Historians play an important role in many aspects of life today. They study, teach and often have maybe even lived it.
From this blog that highlighted various genealogy and history occupations, we briefly described what a Historian is, what they do, and why they may have chosen this occupation.
In this blog, I interviewed Kevin Boyle, William Smith Mason Professor of American History, Department of History at Northwestern University located in Evanston, Illinois. Kevin answers basic questions about why he became a Historian, his specific areas of interest and provides some interesting examples of historical research and findings.
About Kevin Boyle
Kevin Boyle is a historian with a Ph.D., from the University of Michigan. His interest as a historian focuses around the 20th Century United States. He has a particular interest in the modern American social movements (Civil Rights, Unions, Politics, etc.).

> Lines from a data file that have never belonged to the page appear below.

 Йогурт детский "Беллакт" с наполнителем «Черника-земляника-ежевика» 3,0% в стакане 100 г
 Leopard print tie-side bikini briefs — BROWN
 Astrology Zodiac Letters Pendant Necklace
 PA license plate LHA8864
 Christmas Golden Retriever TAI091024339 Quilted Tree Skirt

Kevin has numerous publications that include The UAW and the Heyday of American Liberalism, 1945-1968; Muddy Boots and Ragged Aprons: Images of Working-Class Detroit, 1900-1930 (with Victoria Getis); Organized Labor and American Politics, 1894-1994; and Arc of Justice: A Saga of Race, Civil Rights and Murder in the Jazz Age.

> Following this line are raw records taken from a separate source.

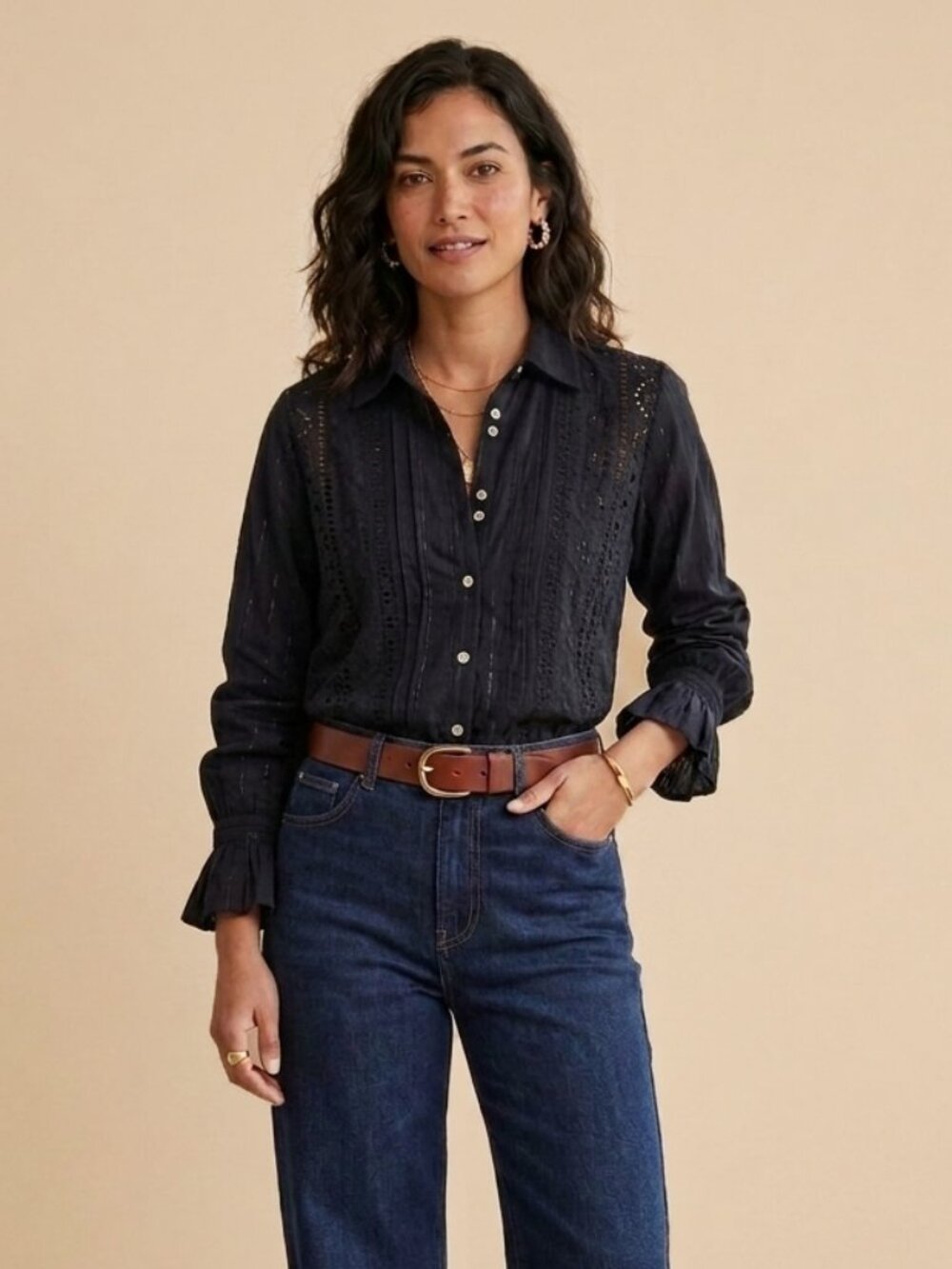 Sundance "Madelaine" Lace & Ruffle Eyelet Blouse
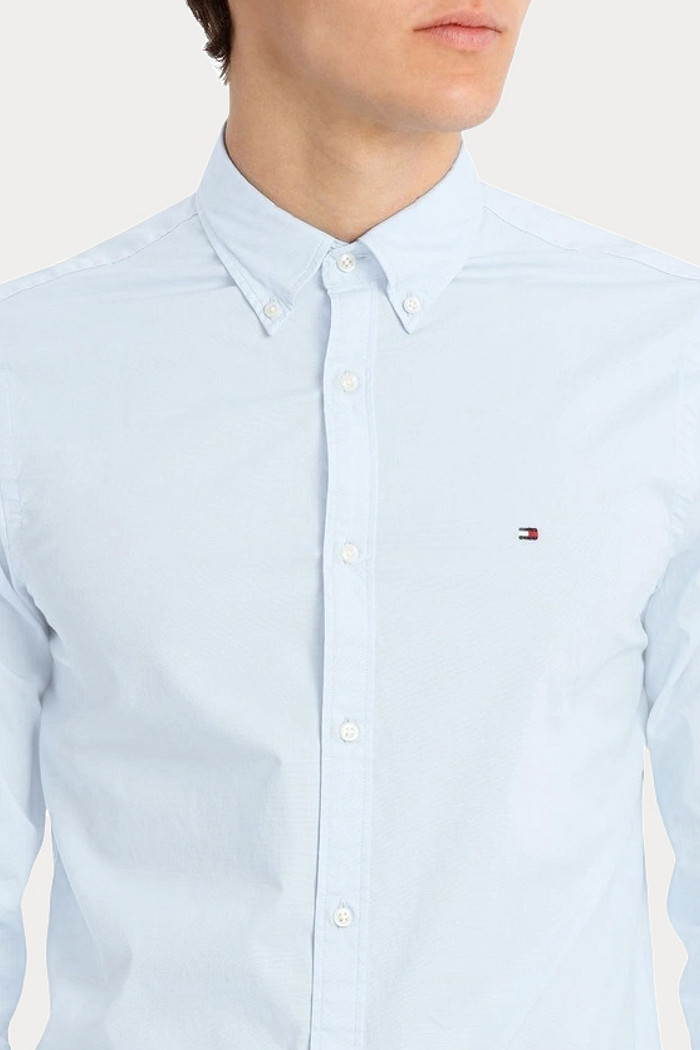Camisa Tommy Hilfiger Regular Fit Cotton Oxford Azul Claro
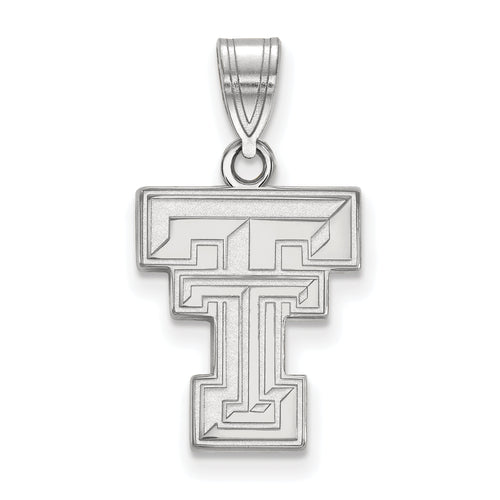 Sterling Silver Rhodium-plated LogoArt Texas Tech University T-T Medium Pendant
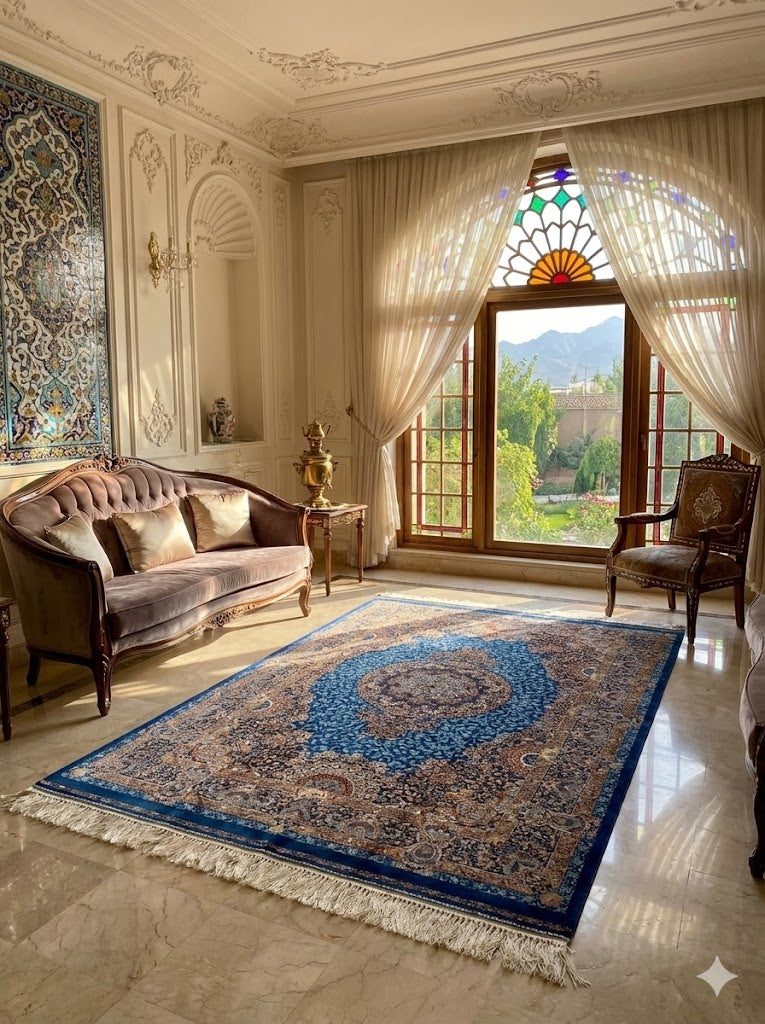 Luxury Persian Bamboo Silk Rug 120x180 cm – Robot-Woven & Hand-Knotted Edges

He has a pure passion for history and has spent his career studying, researching and teaching others about this time in American History.
Life as a Historian
What made you decide to become a historian?
I had some great undergraduate teachers who introduced me to history as an academic subject. When I headed to grad school, though, I had no idea what graduate education actually entailed. Gradually I figured it out (I think I did, anyway). As it turned out, I loved the combination of teaching, research and writing the job required. I couldn’t have asked for a better career.
You specialize in the 20th Century United States. What draws you to this specific time period?
The immediacy of 20th history really appealed to me. I admire historians who take on subjects far removed from our time and place. But I’m afraid I don’t have the imagination for that sort of work. I need to be able to feel – and sometimes touch – the topics I’m writing about.
Have you interviewed people who lived through various events to gain first-hand experiences?
Absolutely. For my first book, which looked at organized labor and politics in the 1950s and 1960s, I interviewed a number of union officials. For my second book, I talked to the younger brother of my main subject. And for one of my favorite articles – about two auto workers kissing each other in 1955 – I interviewed one of the two participants. I searched and searched for the other one but never could find her.
What was your experience with this?
Interviewing people has been transformative. The union officials gave me one of the key insights of my argument. I still remember the day one of my interviewees asked if I had read a particular book that was foundational for the union president’s politics. Of course, I hadn’t. So that afternoon I rushed off to the library to get a copy. The moment I read it I understood the politics I was studying with a depth I hadn’t come close to reaching before.
The interview I had with the younger brother of my second book’s subject was even more important. I was trying to dig as deeply as I could into a family experience. He opened his family up to me. I owe him a great deal.
As for the kissing auto worker article, he made the article possible.
Do you analyze current events to those of the past to see how they may relate to each other?
Relating the past and the present is inevitable, I think, particularly when you teach modern American history. This past winter I taught a course in the United States from 1929 to 1968. I hadn’t meant the class to relate to current events in American politics. But again and again the connections came up, not simply because the times were charged – though they were – but because understanding the past gave depth to the present.
What is the most interesting thing that you’ve learned as a Historian?
Wow, that’s a tough question. I think the most important thing I’ve learned is the complexity of the human experience. When I was younger I tended to think of the past in clean terms, as if the past were straightforward. Now I like to imagine that I have a greater appreciation for the tensions and contradictions that run through people’s lives.
Do you feel it’s important to pass down history to our children and grandchildren?
There’s no doubt in my mind. I spend most of my time teaching students who are my kids’ ages. It’s the most rewarding thing I do.
Throughout any of your research, has genealogy or family history ever been a part of the project? If so, what was the involvement?
Family history had been fundamental to my work. Not my family’ history, I have to admit, but other people’s. Both my last book and the one I’m now completing are in many ways family histories, in fact. They deal with the relationships between husbands and wives, father and sons, brothers and sisters. I’ve dug deeply into genealogy: one of my proudest moments as a researcher was tracing an African-American family into slavery. And for my current book, genealogy is central to my analysis.
I did contact the family for my second book, with great results. For my current book, I haven’t, because as far as I know no one from the family’s direct line is alive anymore.
What type of research did you have to do to find family information?
I’ve used newspapers, government records, and first-hand accounts to find family information. Beyond interviews, first-hand accounts are tough to come by. Government records are fabulous. I hate to think how much of my life I’ve spent on Ancestry.com, searching for other people’s relatives.
What Do You Want People to Know About Being a Historian?
Being a historian is a great job. I get to spend my time with young people, talking about important issues. When I’m not doing that, I’m diving into subjects that I find profoundly compelling. And I get paid to do it. Who could ask for more than that?